Yrd. Doç. Dr. Mustafa Güçlü, sivil toplum kuruluşlarının ekol olması gerektiğini belirtti. Başkan Güçlü, “ İsveç, Norveç gibi ülkelerde ortalama 5 milyon nüfus var. Ama sivil toplum kayıtlarına baktığımızda 20-25 milyon insan kayıtlı. Yani bir insan birden fazla kuruma üye oluyor.  Konya’da 3 binin üzerinde dernek var. Vatandaşlar bu derneklere üye olarak hem sosyalleşmeleri hem de şehri geliştirmeleri lazım. Sivil toplum kuruluşlarının ise büyüyerek yatayda yaygınlaşması, dikeyde kaliteyi arttırmaları gerekiyor. Diğer yandan bir sivil toplum kuruluşu her konuda konuşmamalı. Eğitim, sanat, spor, siyaset alanlarında konu ne ise o sivil toplum kuruluşu açıklama ve etkinlik yapmalı. Sivil toplum kuruluşları otorite, okul ya da bir ekol olarak gelişimlerini devam ettirmeli. Kurumlar itibar ve prestij kazanmaları ancak bu şekilde olur. Liyakati ön plana çıkarak, kimsenin arka bahçesi olmadan sivil toplum kuruluşları kurumsallaşmalı. Ülkenin kalkınması bu çalışmalara bağlı” diye konuştu.

“BİLGİ KİRLİLİĞİNİ AYIRT EDEBİLMEK GEREKİYOR”

Son olarak bilgi toplu kavramı üzerine Yrd. Doç. Dr. Mustafa Güçlü, “Gelişen dünya ile birlikte artık bilgiyi çok hızlı bir şekilde elde edebiliyoruz.
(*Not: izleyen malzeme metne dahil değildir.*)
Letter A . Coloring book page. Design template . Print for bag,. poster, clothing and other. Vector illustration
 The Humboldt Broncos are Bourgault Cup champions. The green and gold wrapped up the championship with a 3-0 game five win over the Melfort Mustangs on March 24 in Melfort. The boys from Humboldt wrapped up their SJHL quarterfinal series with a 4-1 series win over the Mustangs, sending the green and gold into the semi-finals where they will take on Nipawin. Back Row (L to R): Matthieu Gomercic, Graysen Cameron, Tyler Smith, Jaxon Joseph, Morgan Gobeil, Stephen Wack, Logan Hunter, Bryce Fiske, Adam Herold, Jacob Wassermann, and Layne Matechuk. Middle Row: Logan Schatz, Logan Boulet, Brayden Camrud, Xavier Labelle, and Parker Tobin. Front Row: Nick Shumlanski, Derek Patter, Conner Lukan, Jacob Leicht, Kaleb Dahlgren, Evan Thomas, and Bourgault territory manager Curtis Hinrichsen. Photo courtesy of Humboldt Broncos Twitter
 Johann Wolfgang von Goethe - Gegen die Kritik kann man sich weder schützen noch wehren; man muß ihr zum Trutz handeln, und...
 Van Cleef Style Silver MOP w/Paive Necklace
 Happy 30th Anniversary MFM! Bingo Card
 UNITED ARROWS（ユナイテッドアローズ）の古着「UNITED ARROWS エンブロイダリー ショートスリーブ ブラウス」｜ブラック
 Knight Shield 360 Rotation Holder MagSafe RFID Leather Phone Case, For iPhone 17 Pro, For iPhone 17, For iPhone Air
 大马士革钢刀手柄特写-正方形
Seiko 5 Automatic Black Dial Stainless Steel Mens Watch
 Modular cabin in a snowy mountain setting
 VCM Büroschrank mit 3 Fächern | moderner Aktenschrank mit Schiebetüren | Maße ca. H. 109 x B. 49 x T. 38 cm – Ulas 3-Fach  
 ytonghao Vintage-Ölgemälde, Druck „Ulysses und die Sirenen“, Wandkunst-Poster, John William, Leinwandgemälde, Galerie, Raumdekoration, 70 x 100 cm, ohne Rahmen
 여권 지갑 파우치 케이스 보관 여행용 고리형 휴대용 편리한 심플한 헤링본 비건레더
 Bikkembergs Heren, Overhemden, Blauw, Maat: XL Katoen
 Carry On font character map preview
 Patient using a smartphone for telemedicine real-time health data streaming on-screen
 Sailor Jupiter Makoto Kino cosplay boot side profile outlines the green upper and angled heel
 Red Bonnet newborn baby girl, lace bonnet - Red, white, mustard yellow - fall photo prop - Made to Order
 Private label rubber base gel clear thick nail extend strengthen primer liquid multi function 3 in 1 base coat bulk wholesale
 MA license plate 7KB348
Ancak bu hızlılık bazen dezenformasyona, ve misenformasyona (bilgi kirliliğine) neden olabiliyor. Bilgi, kaliteli olduktan sonra her zaman önemlidir. İnsanların kafasını karıştıran bilgiden fayda beklenemez. İşte bu durumda da kişinin alt yapısının doğruyu ve yanlışı ayıracak kadar yeterli olması gerekiyor” diyerek nitelikli bilginin insanların kendilerini geliştirmesiyle alakalı olduğunu belirterek sözlerine son verdi.